После выпитого лекарства Цзи Боцзай спал крепко и спокойно, как не спал уже давно. Когда он открыл глаза, солнце уже клонилось к закату — наступал вечер следующего дня.
Он распахнул глаза с той самой тревогой, что теперь жила в нём постоянно, и, почти не думая, резко поднялся с ложа, в панике бросив взгляд в сторону. Его тело сработало раньше сознания — только бы успеть, только бы она не исчезла.
Резкое движение сыграло злую шутку — он со всей силой ударился лбом о чьё-то лицо. Раздался короткий вскрик:
— Ай…
Мин И, склонившаяся над ним, отпрянула, зажав лоб ладонью. Цзи Боцзай замер — но, увидев, что она всё ещё рядом, сердце в груди облегчённо дрогнуло. Он резко наклонился к ней, всполошённо пытаясь отнять её руку и разглядеть ушиб:
— Ударилась?.. Дай посмотреть.
На её светлой коже покрасневший участок резко бросался в глаза — тонкая кожа лба уже налилась розовато-синеватым оттенком. Он прикусил губу и тут же начал осторожно растирать ушиб пальцами, пытаясь хоть чем-то облегчить боль.
— Ай, не трогай! — Мин И сердито ударила его по руке и оттолкнула. — Отцепись уже.

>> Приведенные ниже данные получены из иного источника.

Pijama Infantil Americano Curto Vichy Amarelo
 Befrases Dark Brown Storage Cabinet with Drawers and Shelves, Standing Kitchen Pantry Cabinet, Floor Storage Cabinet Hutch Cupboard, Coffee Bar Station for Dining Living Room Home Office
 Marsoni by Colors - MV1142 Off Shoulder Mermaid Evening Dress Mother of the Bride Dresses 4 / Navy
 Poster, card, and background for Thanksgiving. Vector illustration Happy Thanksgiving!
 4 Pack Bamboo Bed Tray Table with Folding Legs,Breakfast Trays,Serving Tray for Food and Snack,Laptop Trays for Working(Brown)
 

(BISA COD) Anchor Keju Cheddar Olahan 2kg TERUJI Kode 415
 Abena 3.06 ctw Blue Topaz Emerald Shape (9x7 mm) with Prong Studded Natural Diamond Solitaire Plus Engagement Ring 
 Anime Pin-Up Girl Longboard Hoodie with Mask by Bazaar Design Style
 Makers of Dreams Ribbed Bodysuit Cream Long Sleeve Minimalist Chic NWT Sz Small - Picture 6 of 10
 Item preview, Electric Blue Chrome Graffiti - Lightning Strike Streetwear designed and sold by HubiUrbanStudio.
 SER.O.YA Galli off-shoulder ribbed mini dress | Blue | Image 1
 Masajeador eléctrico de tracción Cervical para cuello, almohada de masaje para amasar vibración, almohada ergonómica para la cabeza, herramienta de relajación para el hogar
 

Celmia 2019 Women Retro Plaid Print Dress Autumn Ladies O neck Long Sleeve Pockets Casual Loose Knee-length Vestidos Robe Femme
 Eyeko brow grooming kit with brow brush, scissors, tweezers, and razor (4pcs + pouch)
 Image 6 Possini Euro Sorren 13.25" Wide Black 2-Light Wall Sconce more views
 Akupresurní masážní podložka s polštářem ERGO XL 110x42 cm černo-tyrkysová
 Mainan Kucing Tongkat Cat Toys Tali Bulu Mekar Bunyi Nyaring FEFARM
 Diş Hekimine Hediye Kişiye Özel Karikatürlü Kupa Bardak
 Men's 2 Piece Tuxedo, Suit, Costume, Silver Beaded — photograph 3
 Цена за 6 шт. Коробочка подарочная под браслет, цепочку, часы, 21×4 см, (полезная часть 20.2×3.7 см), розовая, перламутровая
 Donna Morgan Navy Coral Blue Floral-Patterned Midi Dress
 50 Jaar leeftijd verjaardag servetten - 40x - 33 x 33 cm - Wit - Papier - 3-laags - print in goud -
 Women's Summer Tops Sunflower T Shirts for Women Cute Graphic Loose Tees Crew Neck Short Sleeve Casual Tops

Его пальцы дрогнули и поспешно отпрянули. Он сидел молча, растерянный, будто не знал, что делать с собой.
Мин И тяжело опустилась на край кровати, бросив на него косой взгляд.
— Ну вот, ты проснулся. И что? Я, по-твоему, сбежала?
Он смотрел на неё, не отрываясь, и в глазах его вдруг вспыхнуло что-то похожее на тихую, едва сдерживаемую радость. Затем он неловко отвёл взгляд в сторону, пробормотав:
— Сеть из юаня была прочной.
То есть, подумал он, она осталась не потому что хотела, а потому что он слишком хорошо её запер.
Не потому что скучала. Не потому что осталась. А просто… не смогла уйти.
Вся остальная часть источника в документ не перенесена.